No. 20: Ackley Layout – Laying Roadbed

After the styrodur subroadbed was laid and fixed securely to the layout frame, it was time to start laying roadbed and track.

I used cork roadbed exclusively because I like it. It is inexpensive, easy to get, comes in two pieces (essential for laying track on centerlines), stays in place with good glue, doesn’t swell, will hold spikes well if primed, and looks good.  I can get it shipped from the US and I can get it here in Germany easily from a local dealer.

Before I laid any roadbed I set up the track on the styrodur surface and continuously refined the track plan until I was satisfied that everything was in the right place. This process took a few weeks, going over the location of the turnouts and industries until everything fit.

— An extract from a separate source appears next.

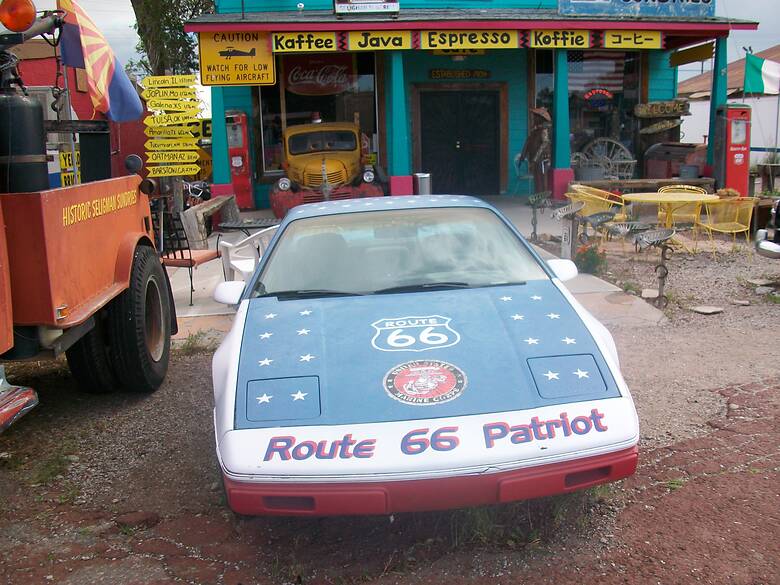 Die Orte an der Route 66 sind etwas kitschig, aber unglaublich kultig.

I outlined this process in the MRP 2014 article covering the original Ackley layout.


The photo above shows part of the mock-up process before any of the track was laid.  The styrodur is yellow, not blue like Styrofoam should be…but I really like the styrodur because it is a little more firm and easier to cut.  In this photo you can also see where I drove a few screws into the styrodur to hold it in place while it was being glued to the benchwork.

I mentioned in an earlier post that I built the whole layout around the depot platform. That’s not entirely true, but it’s close.  The depot platform was custom-made for me by Bill Hoss of Lake Junction Models in St. Louis. Because the platform was built on a broad curve, I couldn’t find or scratchbuild an off-the-shelf platform that met my needs. So I traced the track plan on a large piece of paper and sent it to Bill, and he laser cut the platform to fit.  It even has a curved brick pattern like the prototype, and curbing on the ends.  Bill delivered a truly beautiful scale representation.

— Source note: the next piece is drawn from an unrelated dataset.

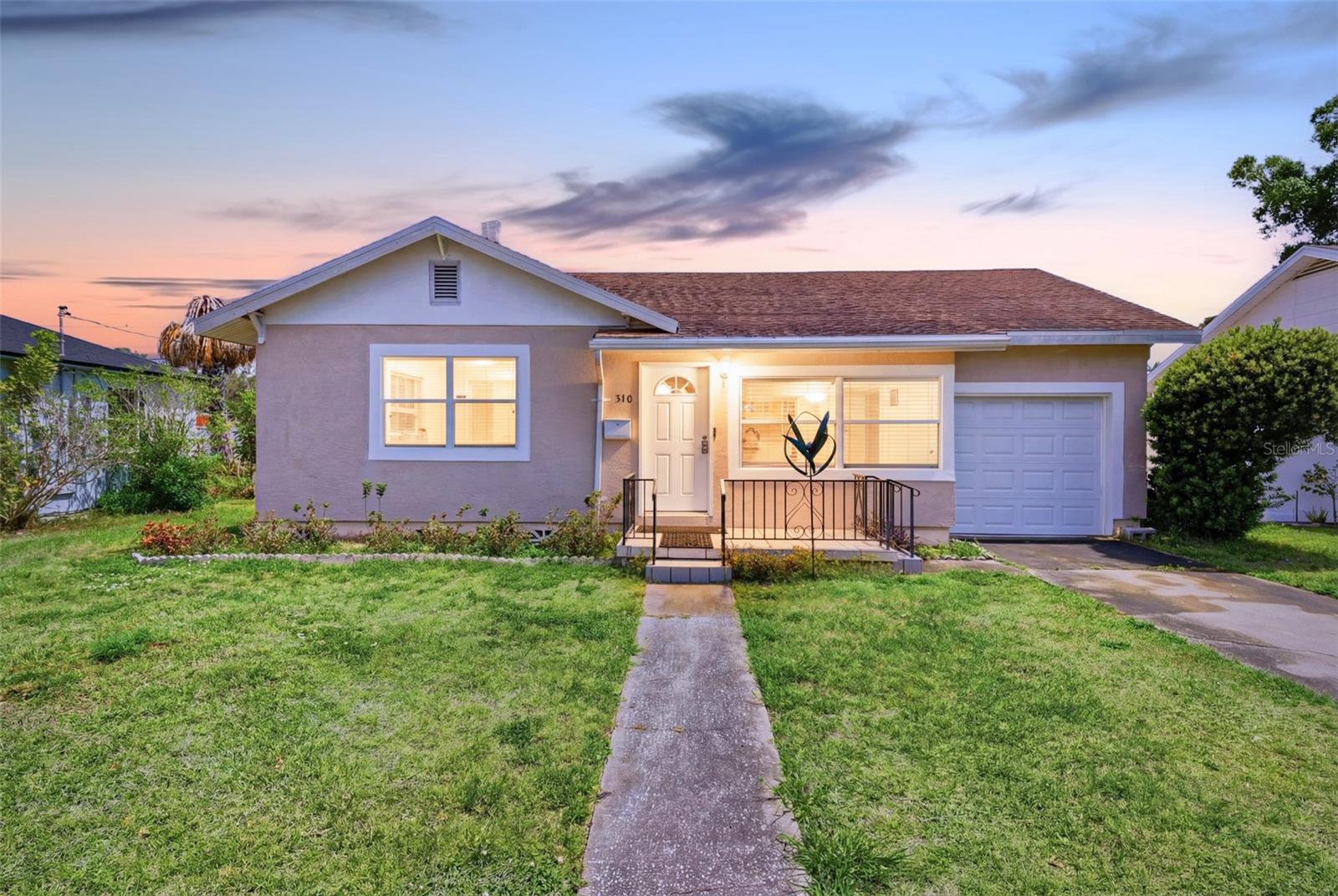 Single Family Residence em ST PETERSBURG, FL - Daniel Dourado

Naturally I wanted to use the platform on the new layout so I built the entire track plan on this layout around it by placing it on the layout first and matching the curve to the platform, and adjusting the mainline on each end from there.  The photo above shows how the platform was put into place and the broad curve in town was planned around it.


I started laying the roadbed beginning with the main line track through the depot area. See the photo above.  I pinned the platform exactly where I wanted it and marked the centerline of the main line on the styrodur. This is one of the advantages of using cork roadbed, of course, as you can draw a centerline and lay track on it accurately.  I make liberal use of my wife’s sewing stick-pins for this process.

Next, I laid a bead of glue for one half of the cork roadbed only, then fixed half of the roadbed down and adjusted it as the glue dried.


Once the roadbed was in the right place, I pinned it down with stickpins and then secured it down with old railroad locks. I slowly worked my way down the mainline, laying half the roadbed all the way across the 16 feet of visible layout.  Love that broad curve through town!



I used Elmer’s white glue to bond the roadbed to the styrodur. In the past I have used Elmer’s glue with good success bonding cork roadbed to wood subroadbed, but in this case the styrodur did not hold the roadbed down successfully.

I found that the roadbed would stay secured by painting over it with standard US water-base household paint, which is why the roadbed is green in some of the photos. Later I primed the styrodur with the green paint first, and this helped the white glue get a good bond with the roadbed. Later still, I used a different glue called Kleben that I bought at the local German hardware store, which is really strong stuff. I just glued the roadbed down on the styrodur without priming, and that worked well…and spared me all the extra painting and paint mess.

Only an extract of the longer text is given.